**Exercise brief:** Reproduce the following data exactly, minus any images.

**Given data:**

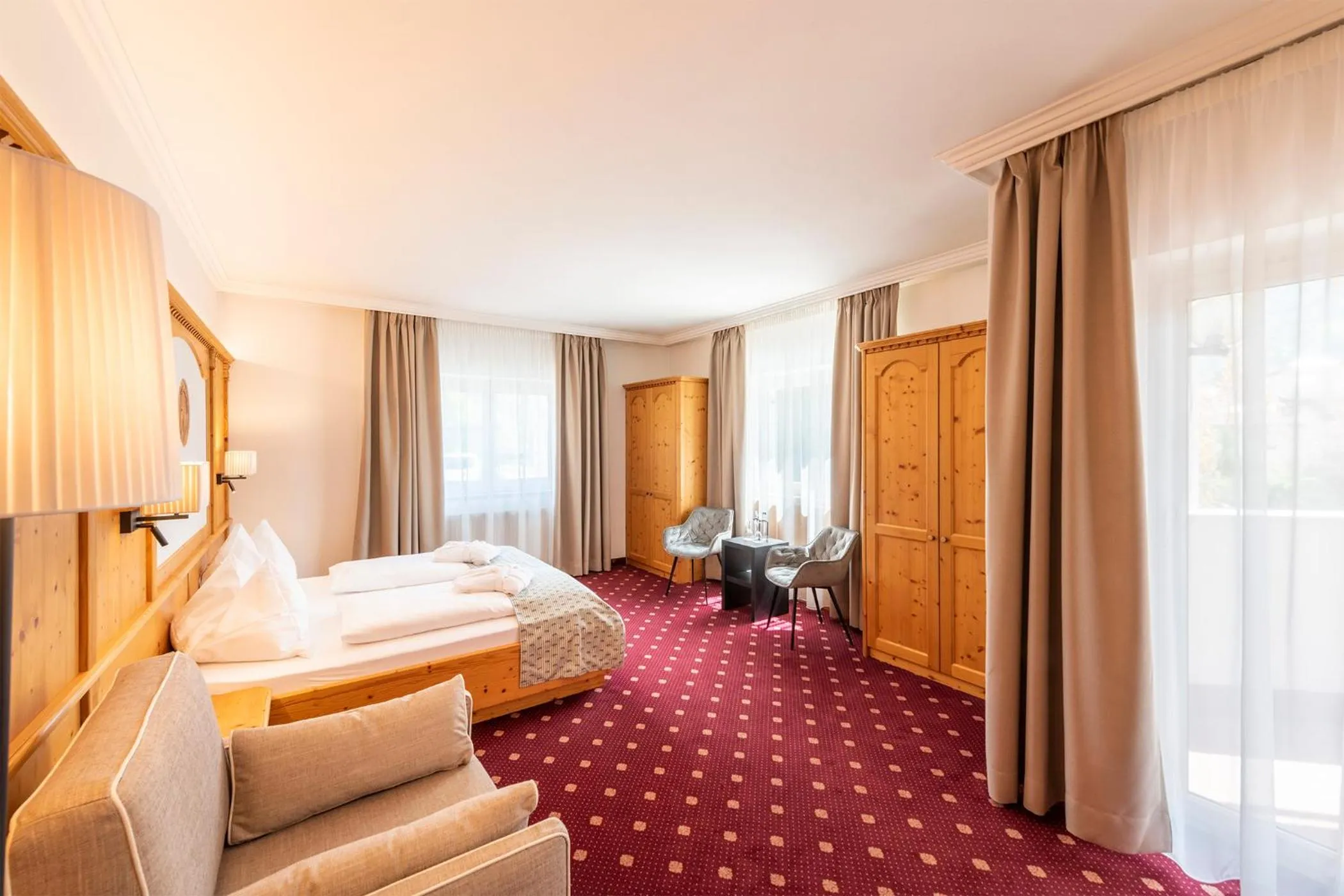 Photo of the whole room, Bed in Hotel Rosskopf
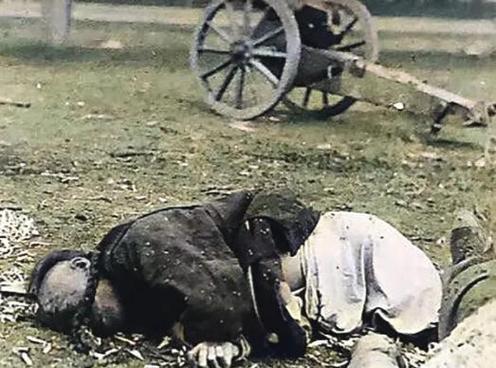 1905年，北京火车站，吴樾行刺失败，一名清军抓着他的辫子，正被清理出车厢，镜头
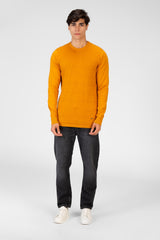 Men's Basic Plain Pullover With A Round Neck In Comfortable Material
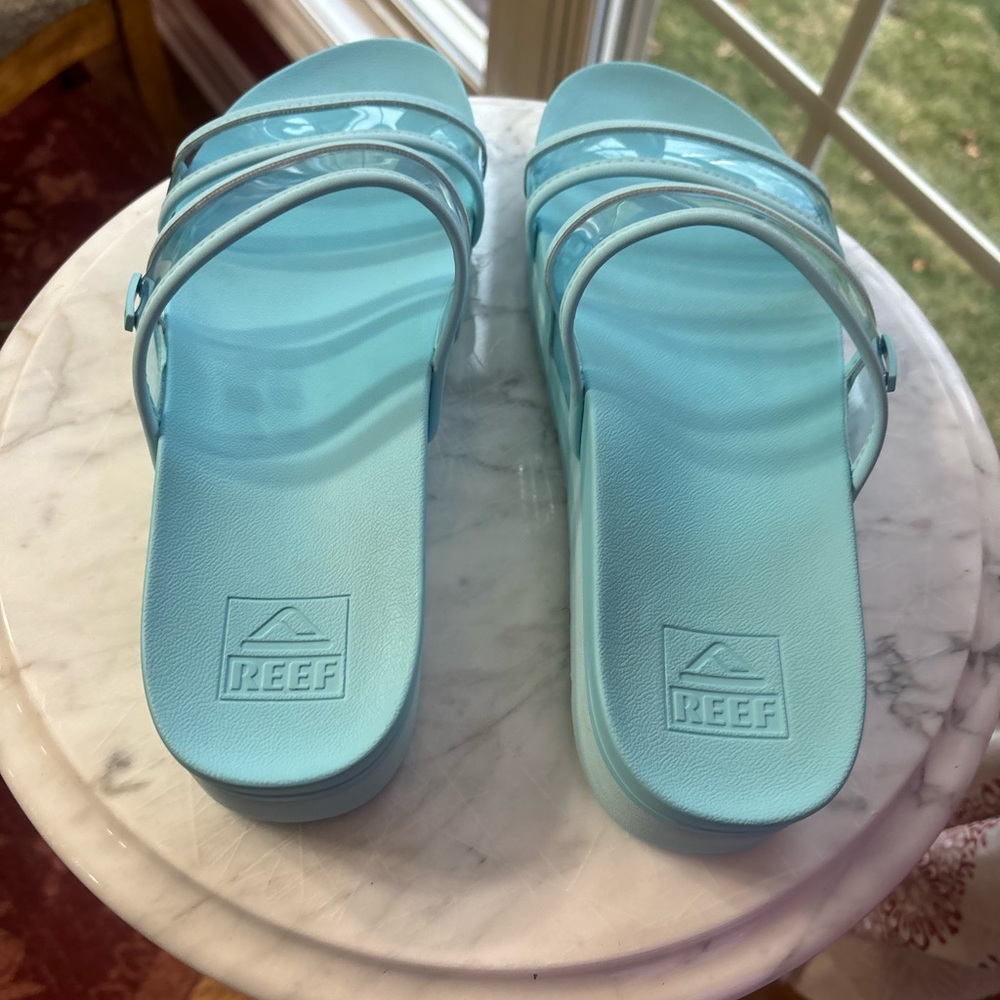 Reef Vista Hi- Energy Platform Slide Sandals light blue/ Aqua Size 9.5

**Expected answer:**
 Photo of the whole room, Bed in Hotel Rosskopf
 1905年，北京火车站，吴樾行刺失败，一名清军抓着他的辫子，正被清理出车厢，镜头
 Men's Basic Plain Pullover With A Round Neck In Comfortable Material
 Reef Vista Hi- Energy Platform Slide Sandals light blue/ Aqua Size 9.5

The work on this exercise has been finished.